Building a Sentiment Engine

A practical walkthrough of Project Kassandra, explaining the intuition behind alternative data, sentiment pipelines, and how to build a reproducible stock prediction system from scratch.

Introduction – Why Project Kassandra Exists

Most beginner stock prediction projects fail for one simple reason:
they treat the market like a math problem instead of a human system.

Prices move not only because of indicators, but because of attention, fear, hype, and belief. Project Kassandra was built to explore this idea in a structured, engineering-first way — by combining traditional price data with alternative sentiment signals such as news, search interest, and public curiosity.

This article explains the intuition, architecture, and design decisions behind Kassandra, so that you can build it yourself and understand why each step matters.

What Problem Are We Solving?

Traditional models use only OHLCV data:

Open
High
Low
Close
Volume

While useful, these signals are reactive. By the time price moves, the event has often already happened.

Kassandra asks a different question:

Can we quantify public attention and sentiment before or during price movement?

To answer that, we design a pipeline that converts human behavior into numerical features.

High-Level Architecture

At a high level, Project Kassandra has four layers:

Raw Data Collection
Feature Engineering
Model Training & Evaluation
Prediction + Visualization

Phase 1 focuses only on layers 1 and 2 — because bad data guarantees a bad model.

Step 1: Historical Price Data (The Backbone)

Every prediction system needs a stable reference.
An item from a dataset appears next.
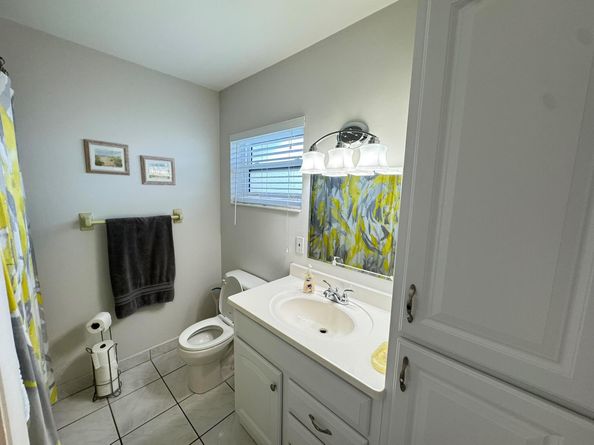 2822 Crosley Drive W E, West Palm Beach FL 33415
In Kassandra, that reference is historical stock price data fetched using yfinance.

Why price data is still essential

Defines valid trading days
Anchors all alternative data temporally
Provides ground truth for evaluation

We fetch:

Open, High, Low, Close
Volume
One year lookback (≈252 trading days)

All other data sources are aligned to these trading days to avoid leakage.
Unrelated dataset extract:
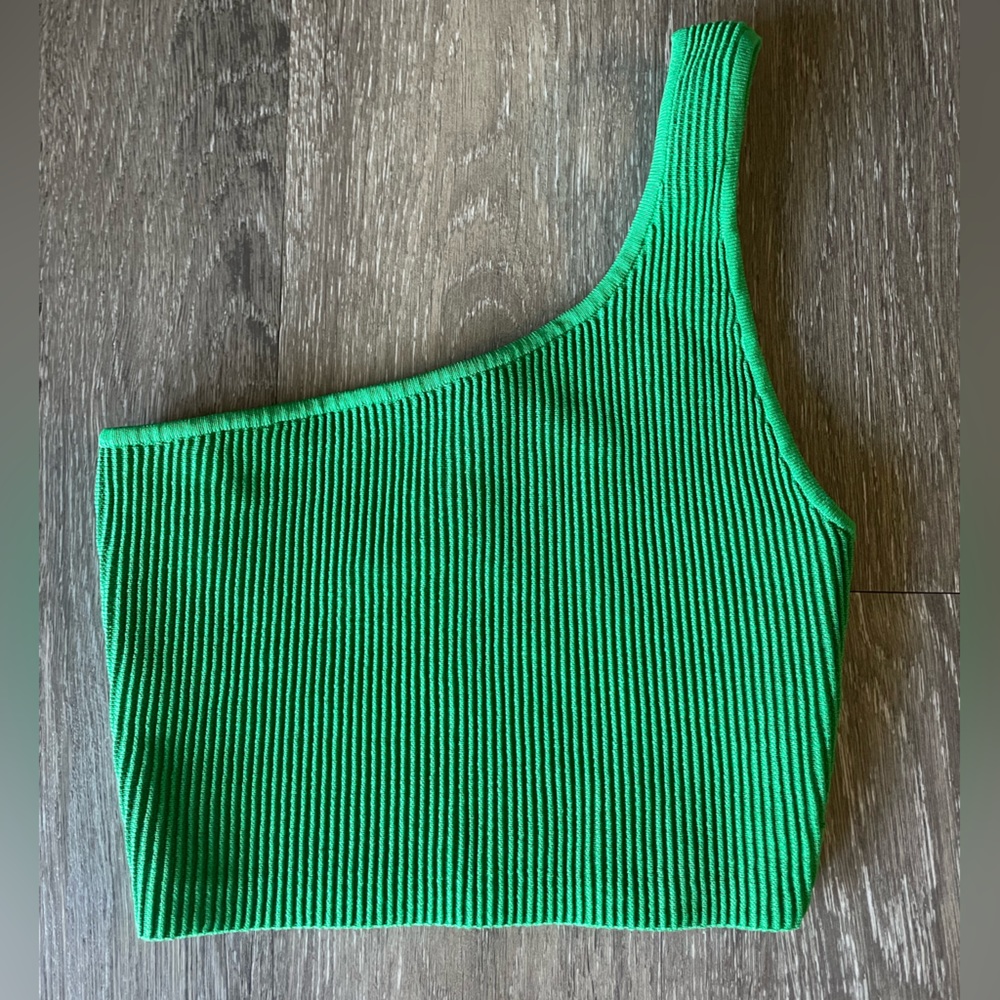 Aritzia babaton sculpt knit one-shoulder cropped tank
Step 2: News Sentiment – Capturing Market Narrative

Markets react strongly to stories:

Earnings beats or misses
Regulatory pressure
Product announcements
CEO statements

Data source

Financial news aggregators (NewsAPI or equivalent)

Feature intuition

Instead of predicting from individual headlines, we aggregate daily sentiment:

news_count – how much attention exists
sentiment_score – average polarity (-1 → +1)
sentiment_delta – change in mood
sentiment_ma7 – smoothed signal

This allows the model to learn patterns like:

“Rapid increase in negative sentiment often precedes volatility”

Even when news is noisy, changes in sentiment carry meaning.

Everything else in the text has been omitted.